To Greg’s original question, now what? First I’d expound the merits of version control systems. You can’t possibly reproduce software if you can’t put your hands on the source code, and you can’t reproduce software as it existed at a particular point in time without revision history. Then I’d emphasize that version control is necessary but not sufficient. When people first understand version control, they tend to think it takes care of all their reproducibility problems when in fact it’s just the first step. I’d share some war stories of projects that have taken many hours to build even though we had all the source code. (If I had a semester rather than an hour, I’d let them experience this for themselves rather than just telling them about it by bringing in some outside projects for them to rebuild.) I’d also emphasize that it’s not enough to put code in version control: data needs to be versioned as well.
Once they grok version control, I’d discuss automation. When a process is 99% automated and 1% manual, the reproducibility problems come from the 1% that is manual. The principle behind many reproducibility tools is automating steps that are otherwise manual, undocumented, and error-prone. (See Programming the last mile.)
Finally, I’d emphasize the need for auditing. As I pointed out in an earlier post “You cannot say whether your own research is reproducible. It’s reproducible when someone else can reproduce it.” Again if I had a semester rather than an hour, I’d let them experience this by having them reproduce each other’s assignments. I could hear it now: “What do you mean you can’t reproduce my homework? It’s all right there!”
Greg Wilson and I have been discussing the importance of tools in reproducible research lately. Would more people use reproducibile research practices if tools made doing so more convenient? Would better tools appear if more people cared about reproducibility?
I believe both statements are true, and I believe Greg does as well. However, he and I have different emphases. Greg says “In my experience, most people won’t adopt a programming practice unless there is at least some basic support for it.” I agree, but I think the biggest obstacle to more widespread reproducibility is that few people realize or care that their work is irreproducible. I think that when more people care about reproducibility, some percentage of them will develop and give away tools and we’ll have enough tool support.

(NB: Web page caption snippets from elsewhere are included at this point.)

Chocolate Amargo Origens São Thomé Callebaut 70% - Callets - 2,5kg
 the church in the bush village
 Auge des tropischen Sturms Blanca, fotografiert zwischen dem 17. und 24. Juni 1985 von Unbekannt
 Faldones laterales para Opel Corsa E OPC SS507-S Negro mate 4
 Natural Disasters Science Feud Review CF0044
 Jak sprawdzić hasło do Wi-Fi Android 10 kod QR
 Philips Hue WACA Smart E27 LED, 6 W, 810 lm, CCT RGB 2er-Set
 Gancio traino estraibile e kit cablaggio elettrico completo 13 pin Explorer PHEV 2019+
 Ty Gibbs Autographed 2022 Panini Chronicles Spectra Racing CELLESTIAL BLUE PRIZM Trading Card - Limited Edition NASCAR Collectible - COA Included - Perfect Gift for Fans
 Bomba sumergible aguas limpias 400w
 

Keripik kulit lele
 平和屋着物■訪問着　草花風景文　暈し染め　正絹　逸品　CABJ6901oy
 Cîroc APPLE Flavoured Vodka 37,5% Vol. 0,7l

We are not in a chicken-and-egg scenario. It’s not as if Greg is saying first we need tools and I’m saying first we need users. We have both tools and users. There are people who care about reproducibility, and some of them have produced tools that make it easier for others to follow. But not many of these people know each other or know about their tools. I hope that the ReproducibleResearch.org web site and this blog will change this.
It help to look at the early history of object oriented programming. Some people were writing object oriented programs before there were (popular) object oriented languages. For example, some people were writing object oriented C before C++ baked support for OO into the language. This was painful, but some pioneers did it. To Greg’s point, the number of programmers writing OO programs took off once there were OO languages with good tool support. To my point, first there were programmers wanting to write OO code; these were the folks who developed the tools and the early adopters of the tools.